Tuesday, April 19, 2011

Born to the Metaverse: Scream 4 and the Future of Pop Culture

This is gonna contain some spoilers. Sorry, but it will. I'll try to flag the major ones, but if you really want to be surprised, you should probably stop reading right now. There's really no reason for that, though, because Scream 4 is by no means a good film. It's a slasher movie, and not a terrible one at that, but still just a slasher movie. The interesting aspects of it are entirely cultural: it's a window to the future. If you want to know what the next ten years are going to look like, you should see Scream 4. If you're a fan of the genre you might also want to see it, but I'm not going to talk about that here. I'm not a film critic, nor am I interested in what it did well with regard to film-making--I'm interested in it as a cultural phenomenon, and as a lens into the difference between youth culture 15 years ago (which is mainstream culture now), and youth culture today (which will become mainstream culture over the next 10 years). Scream 4 is one of the first definitive digital-native generation pieces. Here's why.

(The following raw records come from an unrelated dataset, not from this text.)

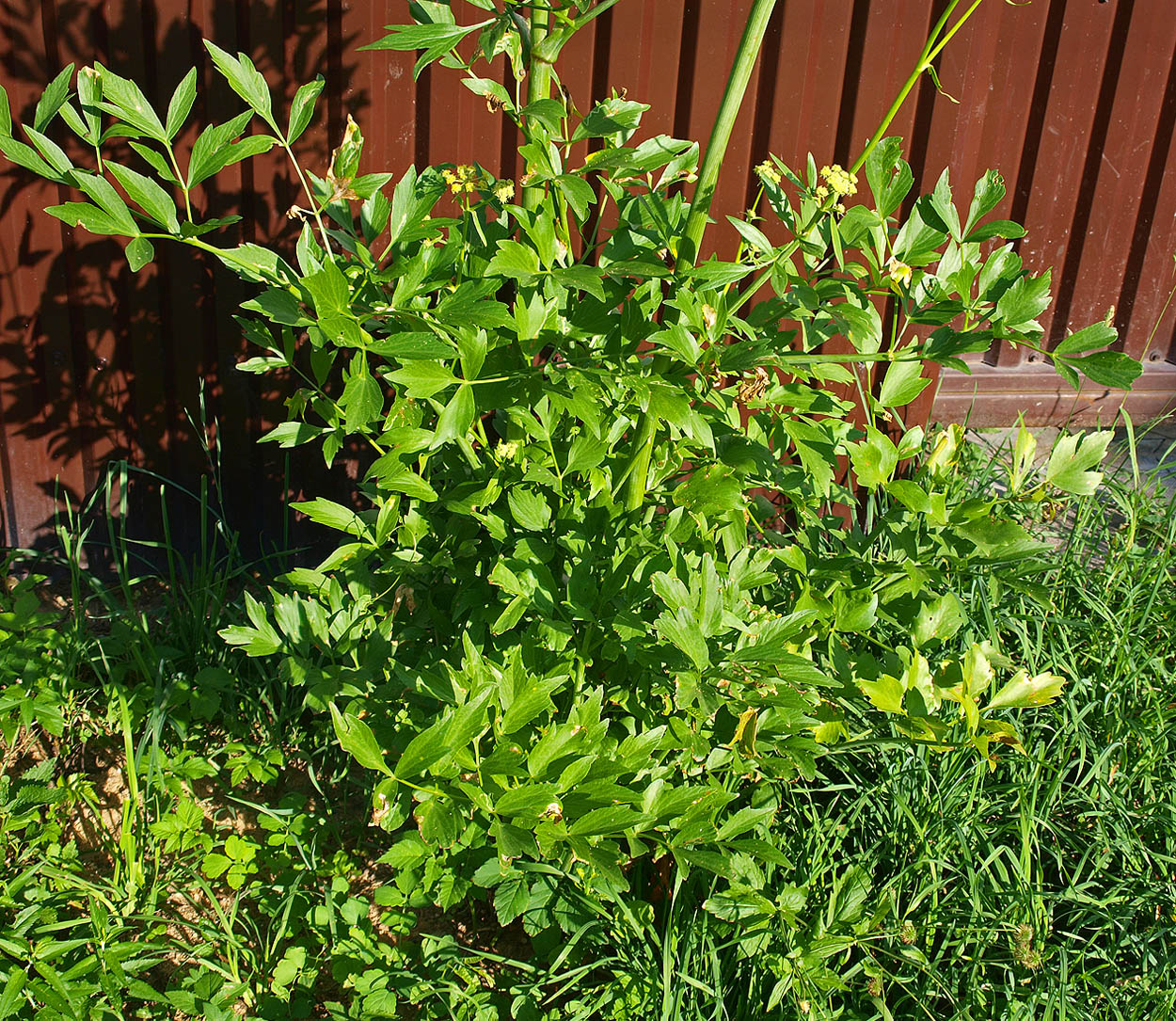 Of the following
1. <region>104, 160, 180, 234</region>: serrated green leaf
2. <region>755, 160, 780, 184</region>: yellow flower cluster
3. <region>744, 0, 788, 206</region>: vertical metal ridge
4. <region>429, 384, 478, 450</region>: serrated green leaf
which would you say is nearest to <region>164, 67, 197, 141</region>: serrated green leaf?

The original Scream was instrumental in mainstreaming the concept of explicit self-awareness in popular culture: as a friend pointed out to me, it certainly wasn't the first major movie to play around with genre-awareness (Pulp Fiction, at least, beat it by a few years), but it certainly was the first major movie to do it so explicitly: the characters inScream talked about the conventions of the teen slasher genre, and the film was largely predicated on the novelty of such meta-commentary: the characters used their knowledge of genre conventions to survive. It was a slasher film about people who knew something about slasher films. This was prescient: Scream came out in 1996, and it would be precisely that kind of self-referential meta-commentary that would come to define the popular culture contributions of the 2000s--think of the difference between the humor of The Simpsons in the 90s and the humor of Family Guy in the 2000s for another good illustration of this. Scream was a trend-setter in presaging the rise of what technology writers have called "remix culture:" the artistic style of creating novel creative works by recombining the elements of existing works, and feeding popular culture back into itself. Whatever you think of this phenomenon (FUCK OFF JARON LANIER!), there's absolutely no question that it was the definitive cultural innovation of the 2000s; the kind of entertainment that people my age (what I call "young immigrants" to the digital world) grew up on was largely predicated on playing around with self-referentiality.

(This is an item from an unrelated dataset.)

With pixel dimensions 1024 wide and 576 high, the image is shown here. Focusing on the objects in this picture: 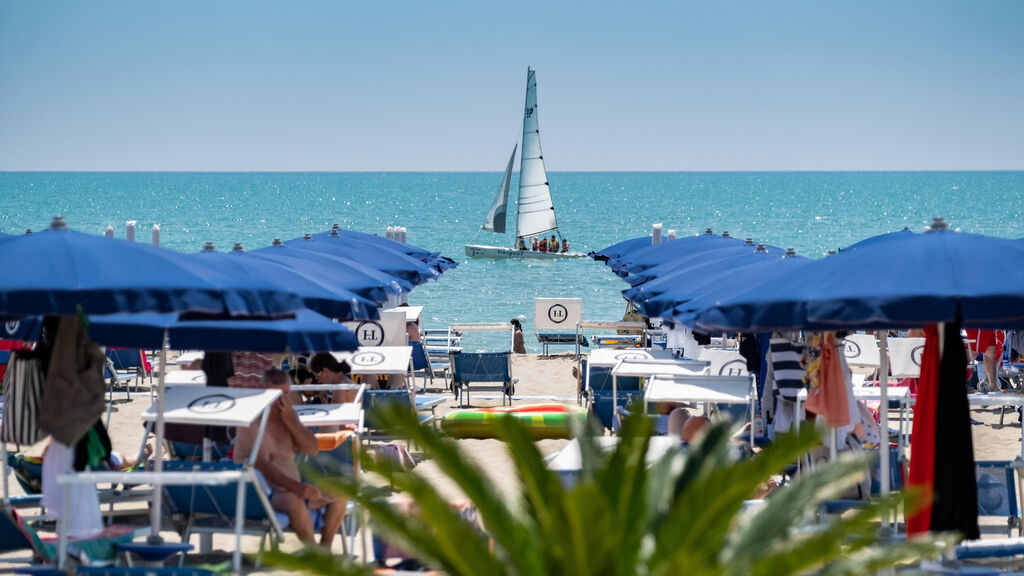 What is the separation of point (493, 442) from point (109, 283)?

For most digital natives, though, this isn't anything new or original. Remix culture isn't an innovation--it's just the way things are. The oldest digital natives were only 3 or 4 years old when the original Scream came out; that generation is now starting to graduate from high school, go off to college, and make its own mark on popular culture. Scream 4 is the embodiment of that mark. HERE COME SOME SPOILERS. The movie opens with several rapid "frame shifts." We get a few really bloody kills immediately, but after each one, the movie zooms out to reveal that the scene was actually taken place inside a slasher movie (a thinly-veiled version of the Scream franchise itself called Stab) that other people were watching. The new characters pick apart the genre for a while, and are then killed. This process repeats (if I recall) three or four times. By the last zoom-out, the whole thing is just patently ridiculous--people in the theater were either groaning or (like me) laughing. At this point, it's really unclear where the movie is going; this whole process takes somewhere between 15 and 20 minutes, and I was buckled in for a really awful movie: I thought it was just going to be another sequel recycling the now decades-old trick of genre awareness. But that's not what happened.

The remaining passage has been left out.